この20年ぐらいは更にピッチを上げて年間50冊を維持しています。これ以上は難しいし、自分の与えられている時間との兼ね合いを考えればバランスも崩れるので求めていません。50冊というのは週1冊ペースですが私は通勤電車に揺られるわけではないし、骨のある本も多いので2時間で完読「ゴチッ!」というわけにはいきません。つまりなかなかタフで意識しないと読めないのです。

私の場合はノンフィクションとフィクションを交互に読むことだけはルールづけています。
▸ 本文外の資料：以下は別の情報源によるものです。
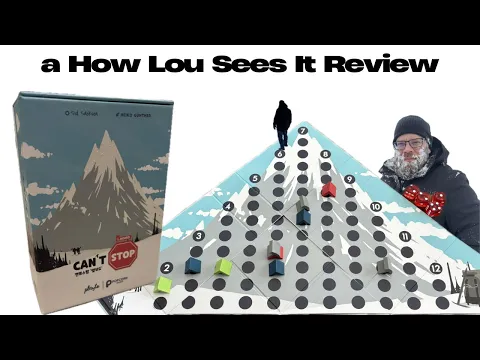Can’t Stop Game Review (playte edition)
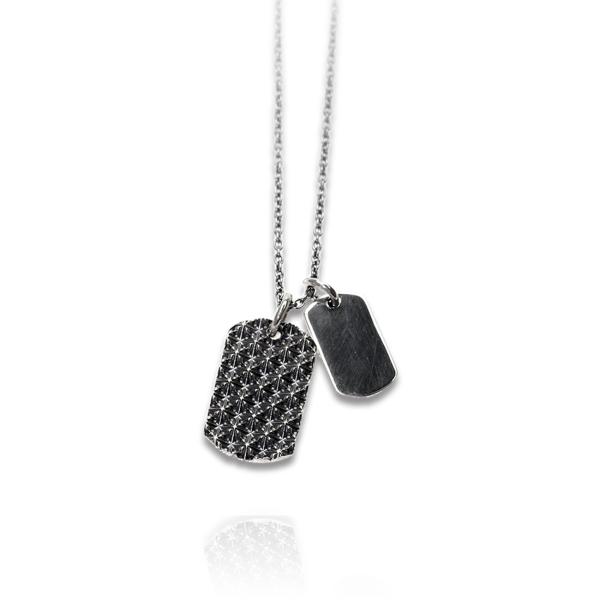 メーカー取り寄せ品 TRIPLE X STUDS DOG TAG PENDANT シルバーペンダント XP-139 エムズコレクション M's collection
あと、長く読み続けている作家、司馬遼太郎と今野敏が間に入るので割と窮屈な感じですね。本屋をやっているので話題本もある程度は目を通す必要があります。「成瀬は天下を取りに行く」は圧勝の本屋大賞でしたが、直木賞系統としてよく書けています。芥川賞をとった「バリ山行」は久々にハマって寝るのを忘れて一気読みしました。

そんな中でノンフィクションの分野で少し話題になった『なぜ働いていると本が読めなくなるのか』(三宅香帆著)は本がテーマというより途中から働き方の話になって一般書評がどうだか知りませんが、私はやや辛口評点です。全体の3/4は社会学的見地からよく書けているのです。さすが高学歴だけあると思ったのですが、最後の1/4で突然著者の哲学論になってしまい、私からすれば「あれぇ?」でした。これは読者を惑わしたと思います。